*Required action*:
In the records below, repeat word for word only the lines starting at the one that contains "Cool Hipster Bulldog" and ending at the one that contains "map of restaurants, bars, coffee", pictures excluded.

*Extracted entries*:

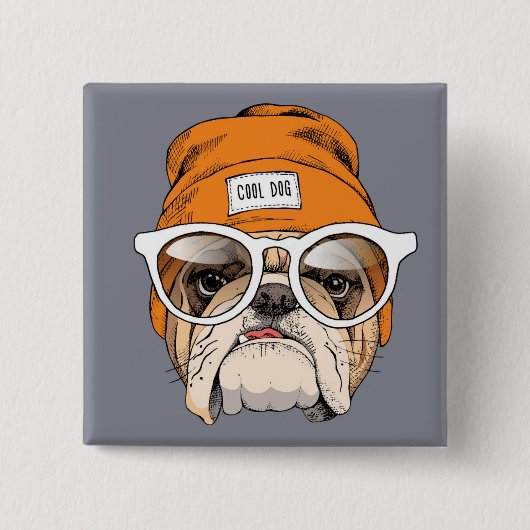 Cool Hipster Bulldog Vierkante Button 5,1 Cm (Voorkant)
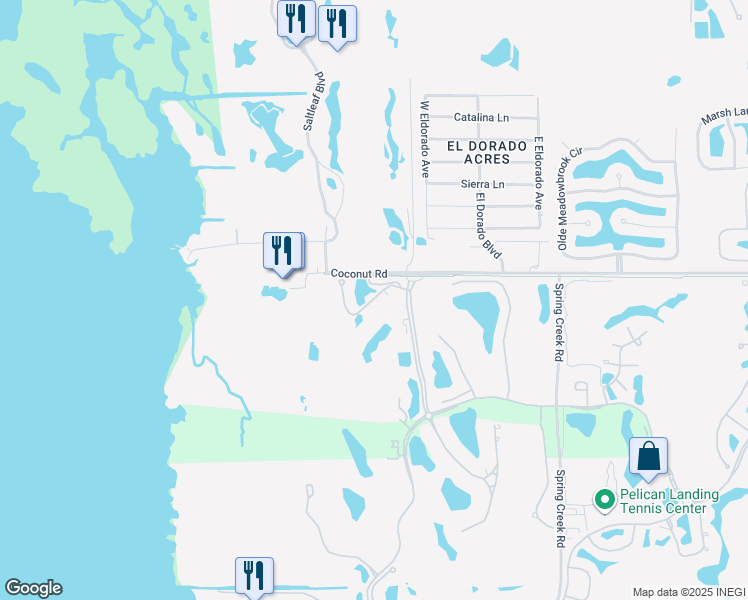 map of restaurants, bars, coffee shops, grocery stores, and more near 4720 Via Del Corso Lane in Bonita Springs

* * *

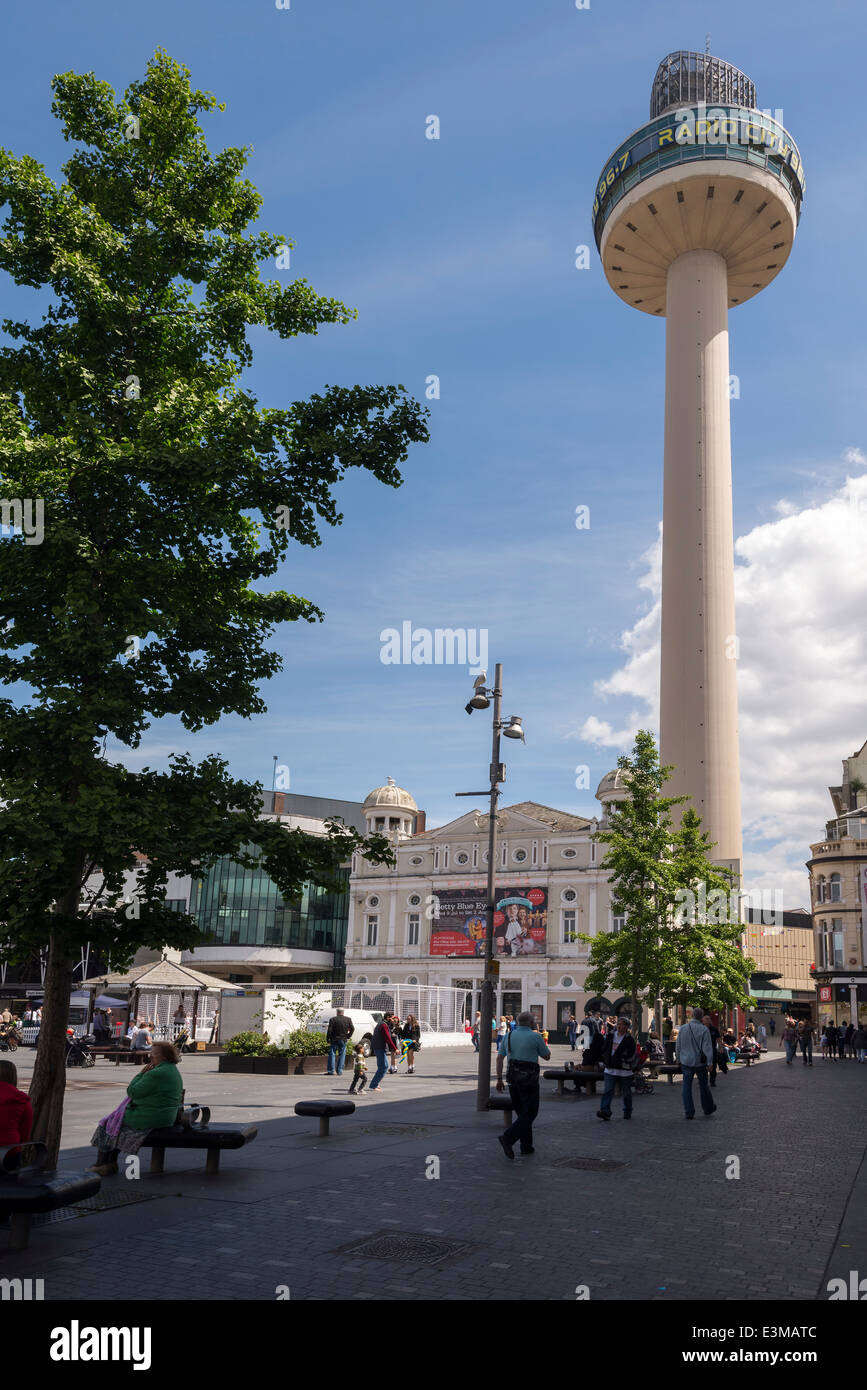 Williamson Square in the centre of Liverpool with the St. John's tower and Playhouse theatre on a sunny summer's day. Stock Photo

*Reply to the exercise*:
 Cool Hipster Bulldog Vierkante Button 5,1 Cm (Voorkant)
 map of restaurants, bars, coffee shops, grocery stores, and more near 4720 Via Del Corso Lane in Bonita Springs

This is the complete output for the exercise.